_SUPPLIED MATERIAL:_
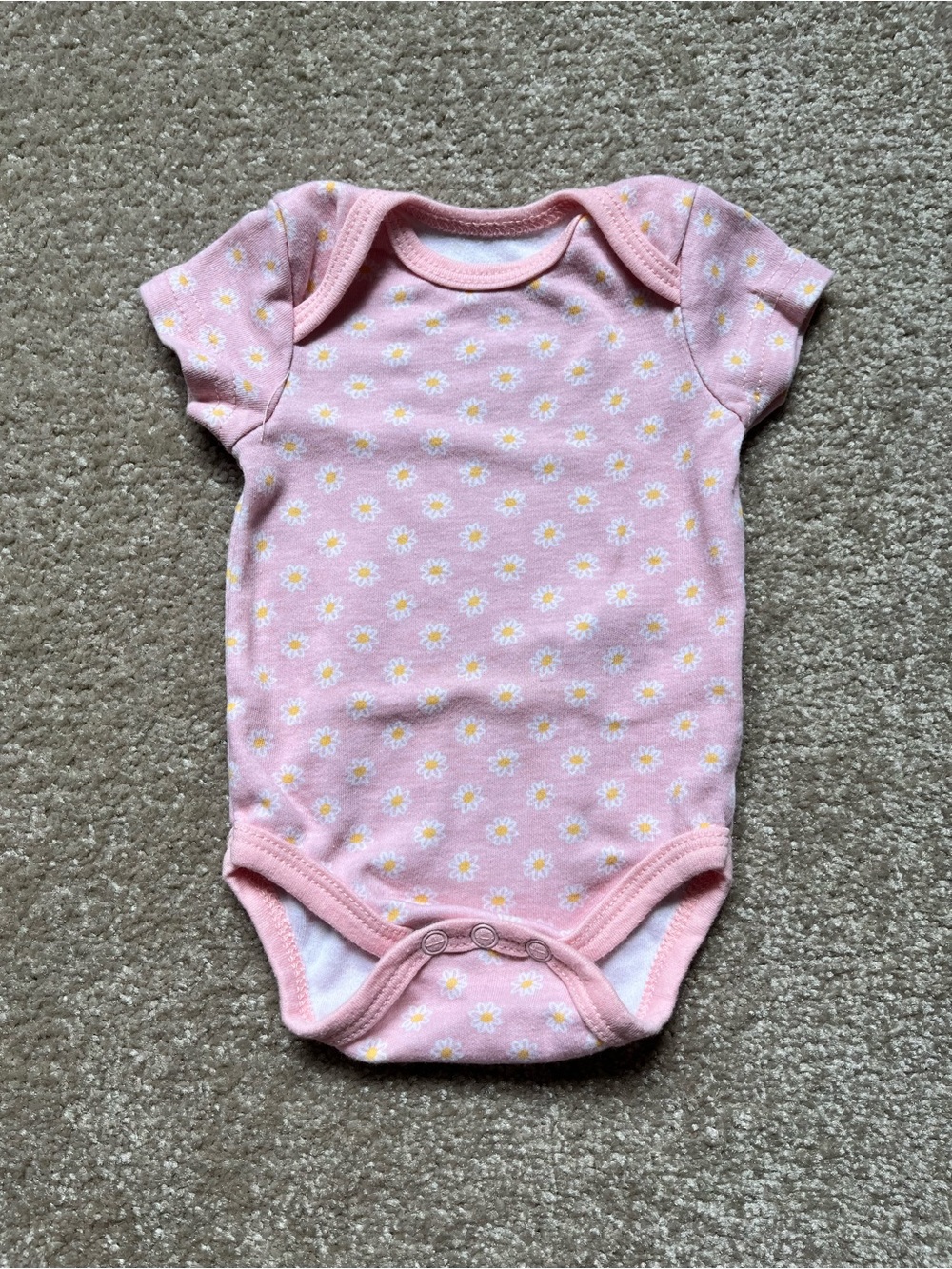 3/$10 or 5/$15 Pink Daisy Baby One-Piece Bodysuit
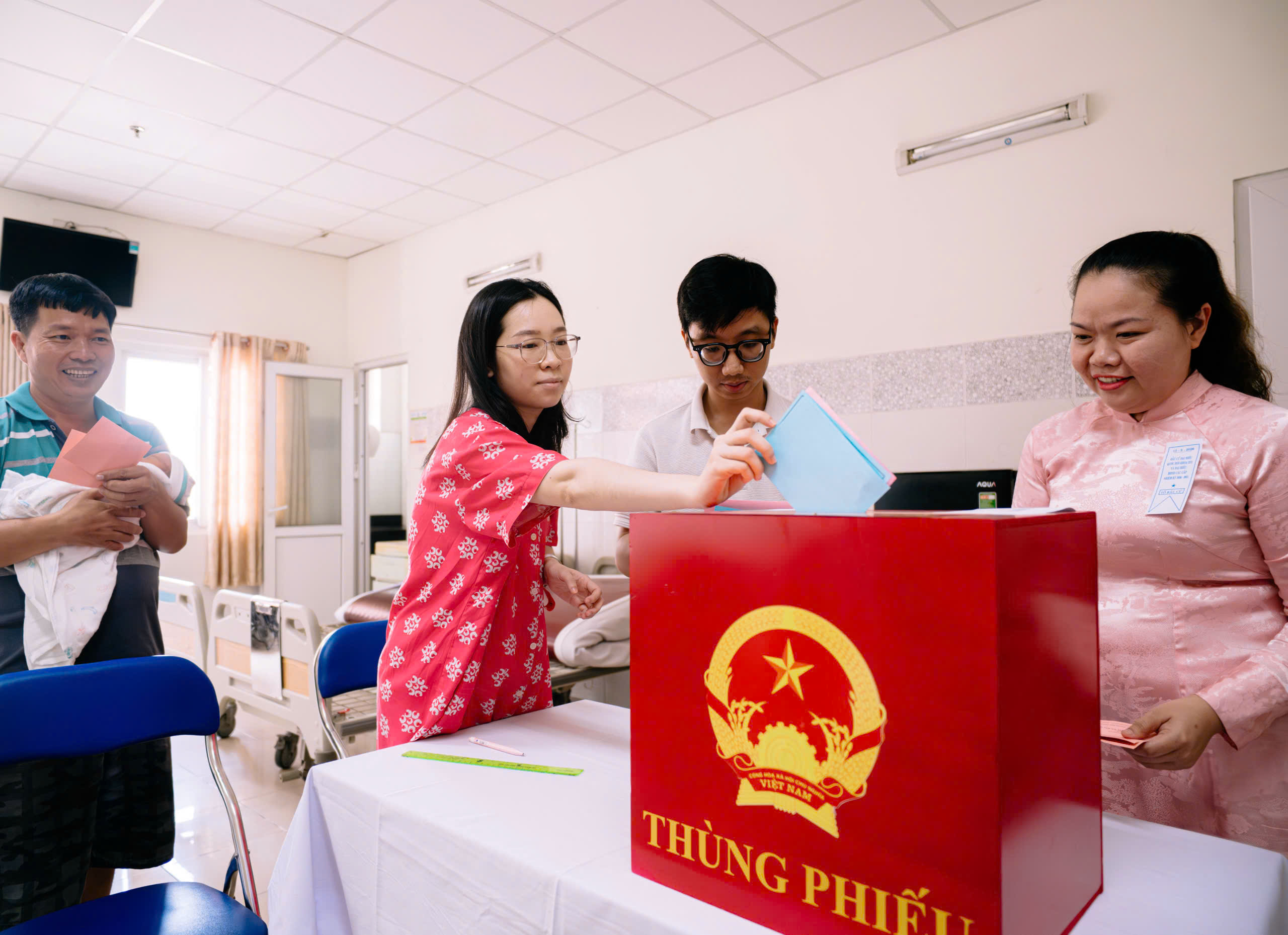 投票箱直達病床:選舉日選票令人感動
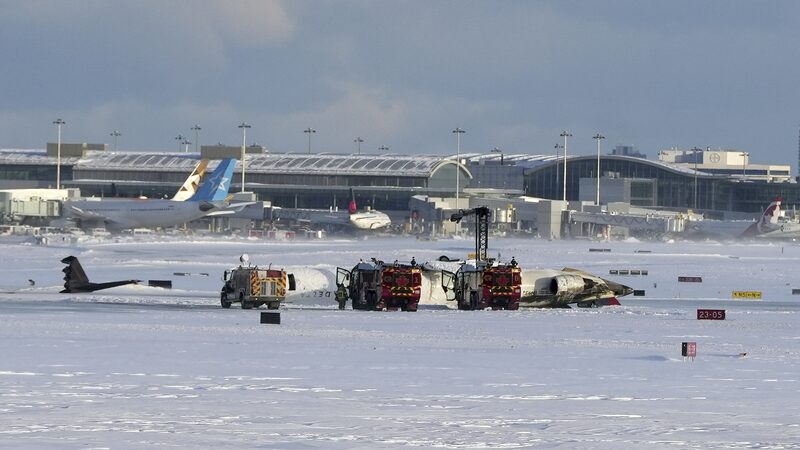 Avio_n_de_Delta_se_vuelca_al_aterrizar_en_Toronto__18_heridos_____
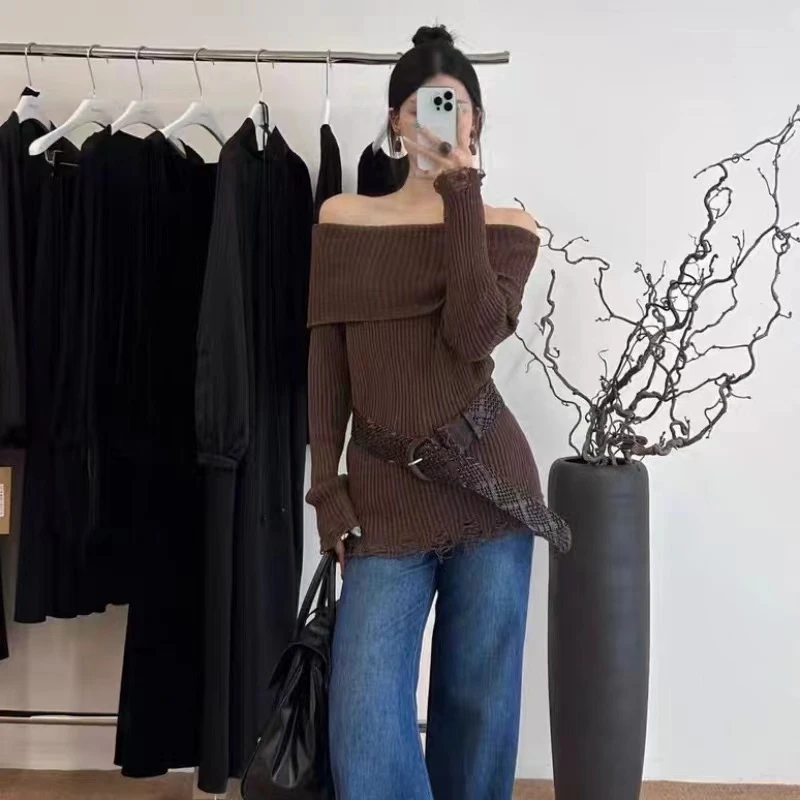 韩系一字领露肩毛边破洞坑条收腰时尚显瘦上衣长袖针织衫女打底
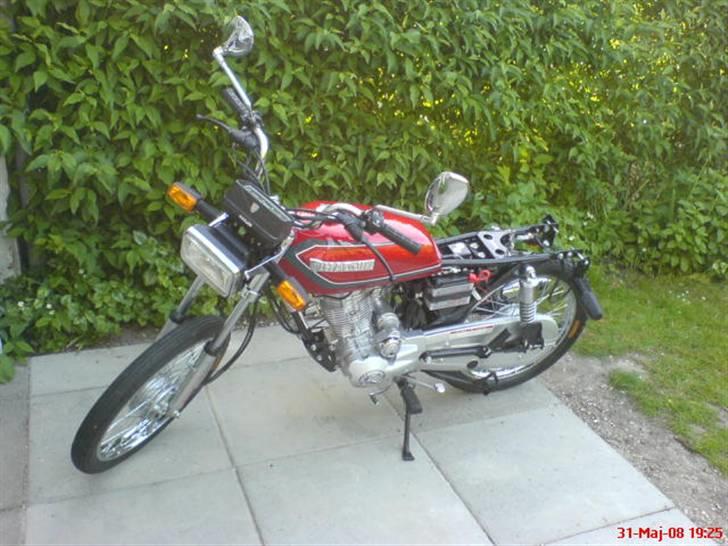 Haojin HJ 125 / Ophugget Tyren´s - Rust beskyttelse, igang. Også Bunden af Benzin tanken, billede 4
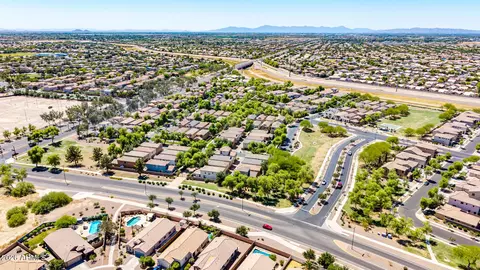 View/Area - 4674 E Maplewood St, Gilbert, AZ 85297 photo 7 of 63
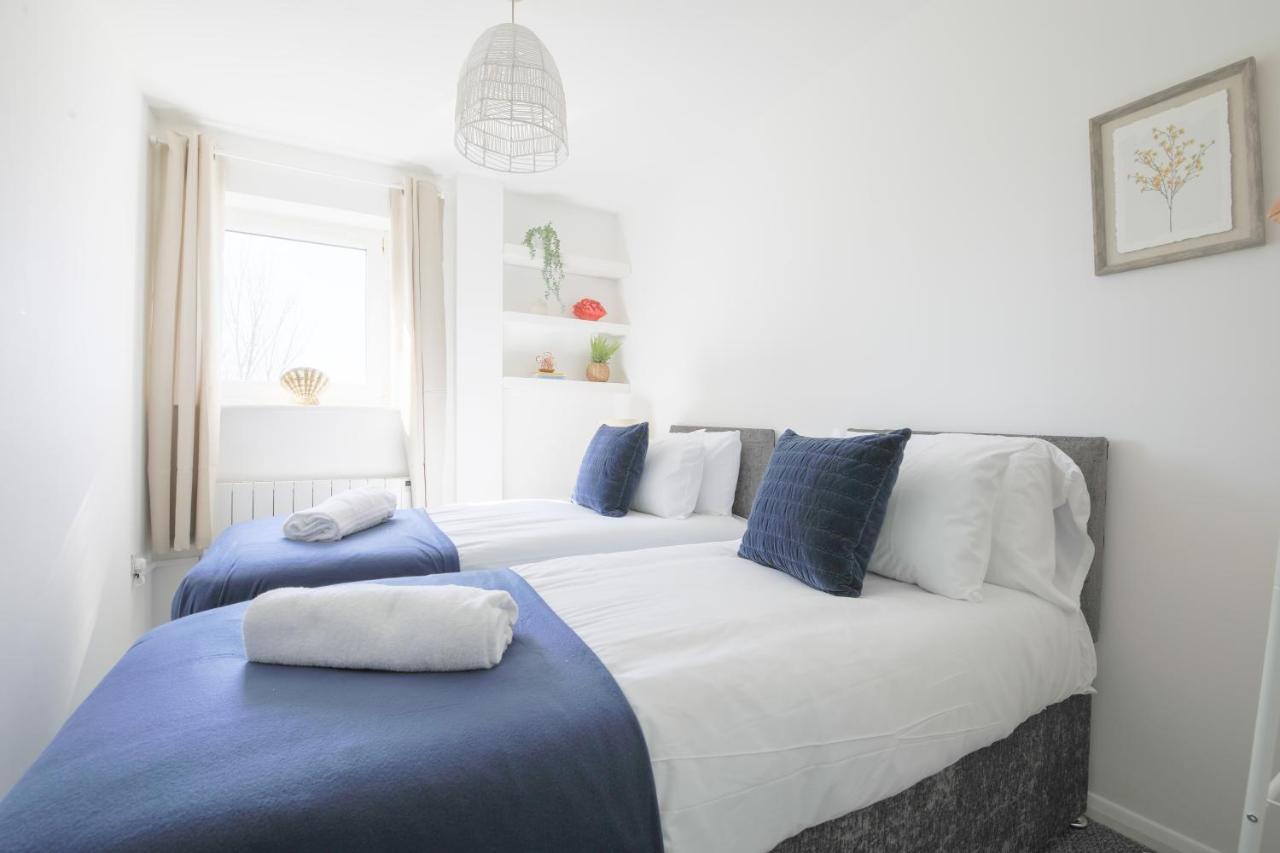 Stayright 2bed Overlooking Water With Free Parking And 2 Bathrooms *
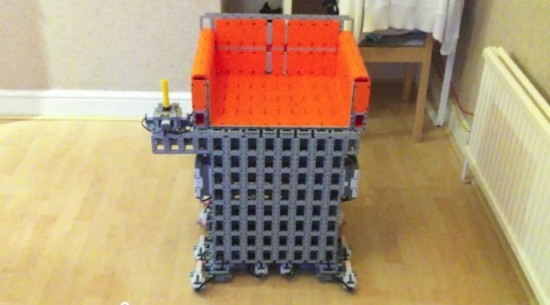 Электрическое кресло на колесах из Lego 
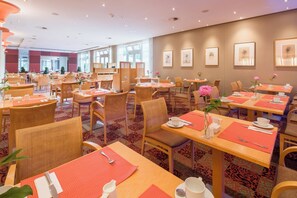 Breakfast area - Castello Apartments (Adendorf)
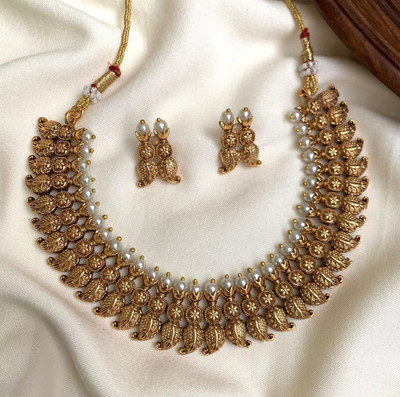 Vadhu jewels Brass Gold-plated Gold Jewellery Set(Pack of 1)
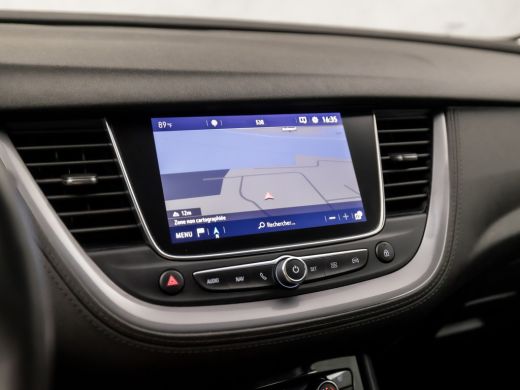 Opel Grandland X 1.2 Turbo Executive Sport (APPLE CARPLAY, GROOT NAVI, STUUR/STOELVERWARMING, LEDER, SPORTSTOELEN,... ActivLease financial lease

_ASSIGNMENT:_
For this exercise, retype exactly, and only, the lines from the line with "Электрическое кресло на колесах из Lego" through the last line of the material above, both included. Pictures stay out.

_EXERCISE RESULT:_
 Электрическое кресло на колесах из Lego 
 Breakfast area - Castello Apartments (Adendorf)
 Vadhu jewels Brass Gold-plated Gold Jewellery Set(Pack of 1)
 Opel Grandland X 1.2 Turbo Executive Sport (APPLE CARPLAY, GROOT NAVI, STUUR/STOELVERWARMING, LEDER, SPORTSTOELEN,... ActivLease financial lease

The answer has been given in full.